This article talks about how to get the best results out of the process of photogrammetry
To get the most out of this benchmark, please refer to the main Photogrammetry page for the core underlying theory behind achieving a successful result.
The key goal is to provide the software with enough features and consistent information so that it can successfully align your photos, and triangulate it into 3D spatial data.
Quality is a basic necessity to achieve a good result, if you foresee too much variation in the overall lighting and environment, it is recommended to reconsider the photogrammetry subject.
Variation in photos is required to build a complete result, if you foresee that you would be unable to take many photos from different perspectives and distances, reconsider the photogrammetry subject.
Feature Points as mentioned above are required, these are influenced by the geometry and its materiality.
Overlap is required for the alignment process other than feature points, ensure that photos overlap so that feature points can be correlated across images to align them.
The following guide (in no particular order) is a way to identify qualities that impact the ability for the software to align photos and detect depth. By default, some subjects have differing qualities in this benchmark than others that may detract or improve alignment and depth processing. Recommendations for dealing with each feature are provided to help improve the process.
These alerts signify a quality that is difficult to overcome, if these become applicable to your photogrammetry subject we recommend that you do not proceed with it. You are always welcome to book a consultation with us to discuss and plan your approach.
A dynamic environment, such as a moving crowd or dynamic weather patterns means that there is too much variation for the software to identify similar features across the photo set.
TIP: The background environment can be a great tool to help in photo alignment as it provides context. This is applicable for objects with low geometric or visual features.
For the software to easily recognise features for alignment, it is desirable for the photo-set to be consistent. Very dark or overexposed parts of the subject can lead to incorrect alignment and it is also common for these features to just go missing as the software has trouble picking up depth. Depth is best read with subtle shifts in shadows as a gradient.
It is best to reconsider the subject for photogrammetry if you are unable to take varied perspectives from many different distances.
Perspectives: A varied set of angles provides more information to produce a more complete 3D model. As the camera has direct vision like human eyes do, we encourage to directly take photos of everything you want to include. This will increase efficiency of software in aligning the photos.
Proximity: If there is too much obstruction in the area due to crowds or other objects, it may hinder your ability to to take photos from a variety of proximities. Photos from far-away to mid-range, will give more improve alignment.
Motion is usually inherent to the subject so it is hard to control, examples include things like kinetic sculptures or objects that light up dynamically.
It is best to reconsider the subject for photogrammetry if subject cannot be made static nor have a static phase. Capturing a dynamic subject using photogrammetry is not ideal.
Depending on what can be captured in frame, it is ideal to maximise the amount of different geometric features.
Large amounts of featureless geometry, such as a blank plaster wall, will not have enough feature points for the software to align with.
Repeated elements can confuse the program as the feature points are very similar.

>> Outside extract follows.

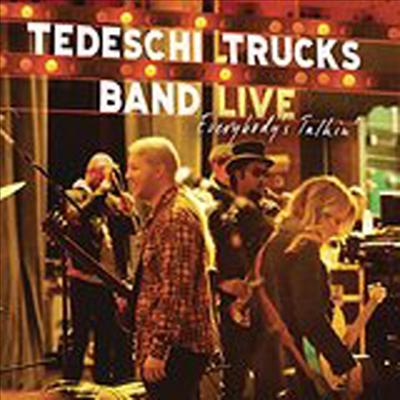 Tedeschi Trucks Band - Everybody&#39;s Talkin&#39; Live (2CD)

For example, the facade of a skyscraper. Usually this is not a problem as lighting, small inconsistencies/imperfections can act as feature points.
Photogrammetry, and digital reconstruction technologies in general will struggle capturing extremely thin or small subjects especially if the subject is comprised primarily of fine details. Objects smaller than 500mm will struggle to have any detail retained, and objects thinner than 500mm will struggle to have their thickness captured.
Details like carpet texture or hair are considered very thin, the resulting 3D model will not be able to generate each individual strand, but only the overall shape. There are no techniques to help with this.
If you need something in your model, you need to have a photo of it.
Visual Features refer to the surface quality or materiality of the object. A wall covered in graffiti is the perfect example of optimal Visual Features compared to a blank brick wall.
All the qualities of Visual Features do not need to be maximised for good results, as any one of them should be enough to give enough information for alignment. Usually, variation given by the light/environment and imperfections on surfaces can be enough to offset any lack of visual features.
As transparent objects allow light to pass through, a masking agent that covers the surface can be used to make it recognisable by the software. A removable/cleanable, matte spray paint is ideal as it can be applied with an even coating. Masking tape is a cheap alternative.
If you are unable to make the subject opaque, we recommend choosing a different subject all together.